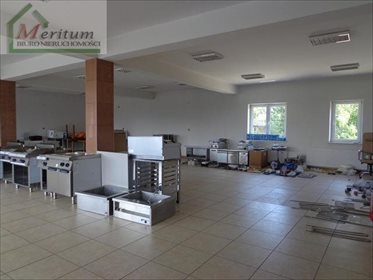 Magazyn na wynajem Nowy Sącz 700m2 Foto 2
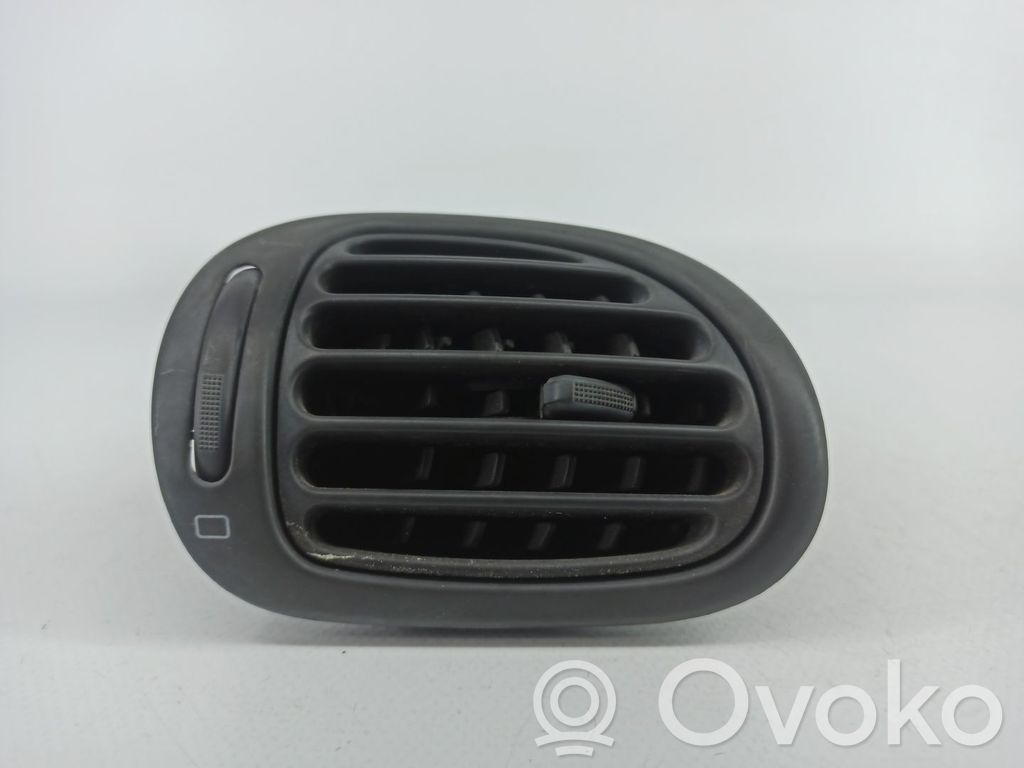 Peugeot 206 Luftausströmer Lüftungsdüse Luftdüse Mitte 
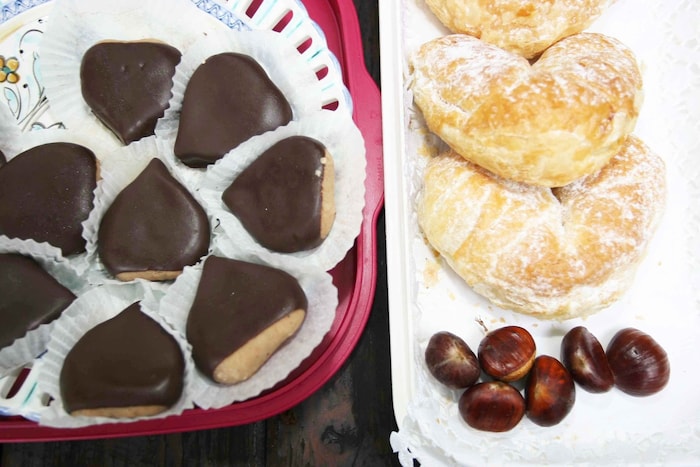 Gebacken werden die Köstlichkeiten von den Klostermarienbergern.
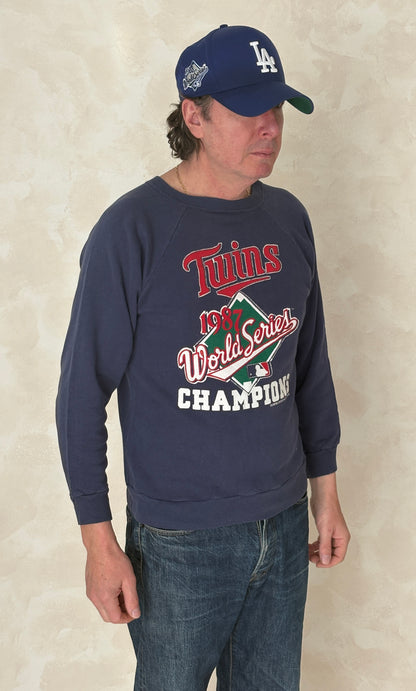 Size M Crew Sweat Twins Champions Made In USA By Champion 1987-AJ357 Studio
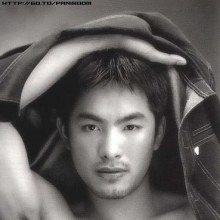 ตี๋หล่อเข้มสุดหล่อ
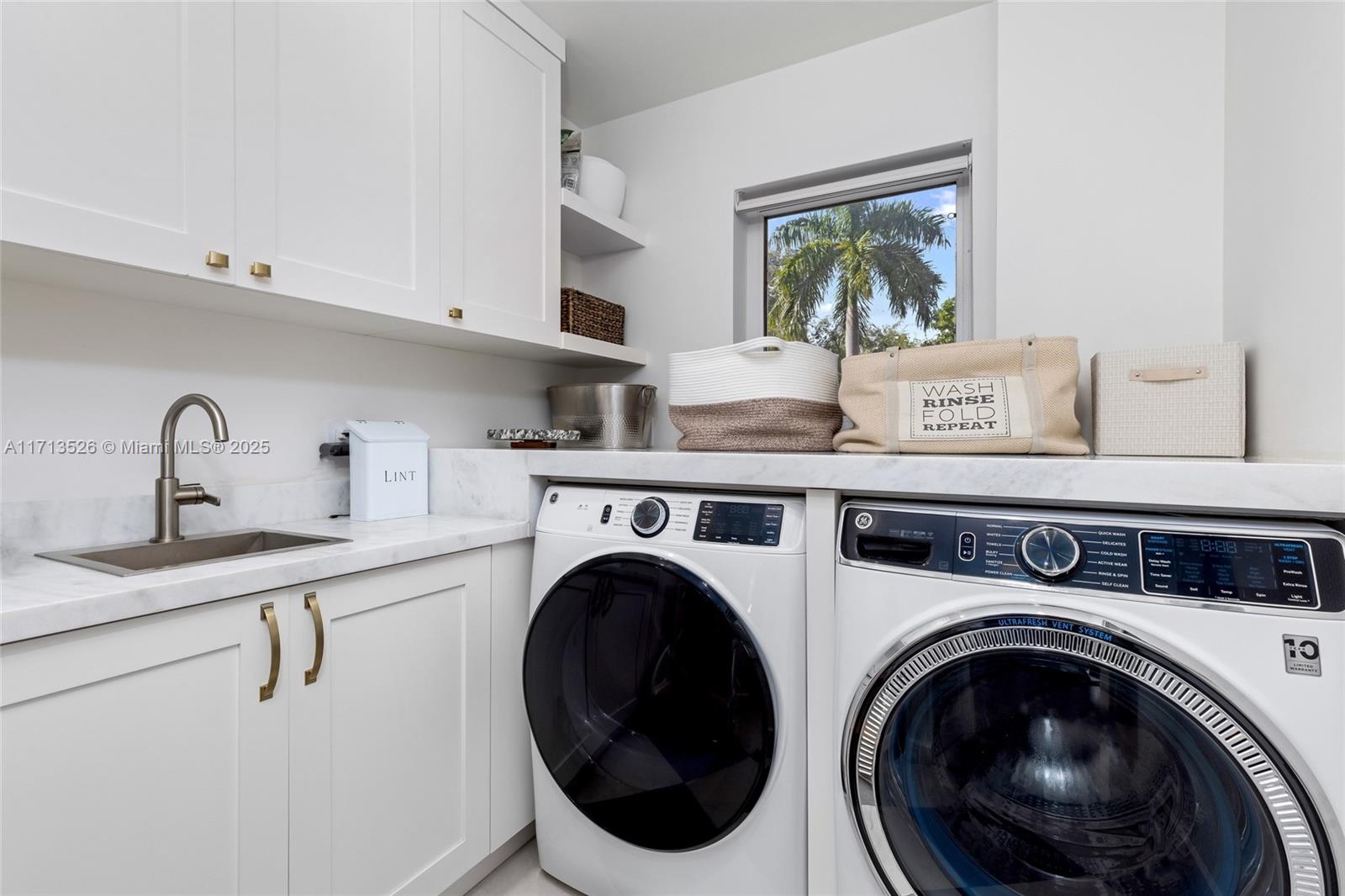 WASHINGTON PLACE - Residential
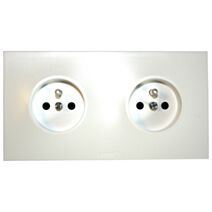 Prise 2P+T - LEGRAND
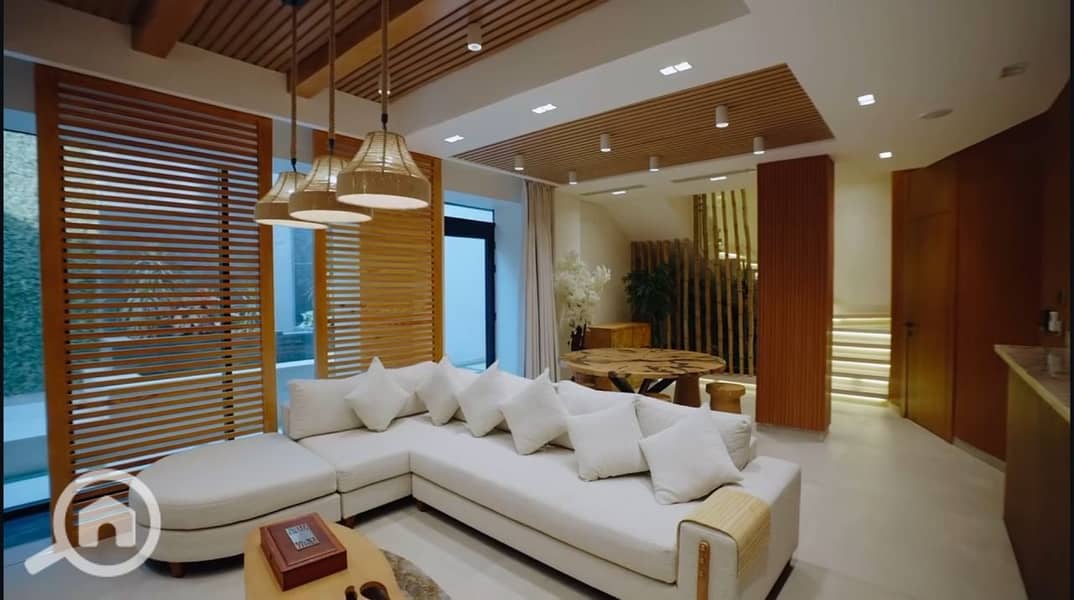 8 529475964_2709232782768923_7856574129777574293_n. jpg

§ **Goal of the exercise**: Write out the data word for word. Any picture is to be skipped.

§ **Expected answer**:
 Magazyn na wynajem Nowy Sącz 700m2 Foto 2
 Peugeot 206 Luftausströmer Lüftungsdüse Luftdüse Mitte 
 Gebacken werden die Köstlichkeiten von den Klostermarienbergern.
 Size M Crew Sweat Twins Champions Made In USA By Champion 1987-AJ357 Studio
 ตี๋หล่อเข้มสุดหล่อ
 WASHINGTON PLACE - Residential
 Prise 2P+T - LEGRAND
 8 529475964_2709232782768923_7856574129777574293_n. jpg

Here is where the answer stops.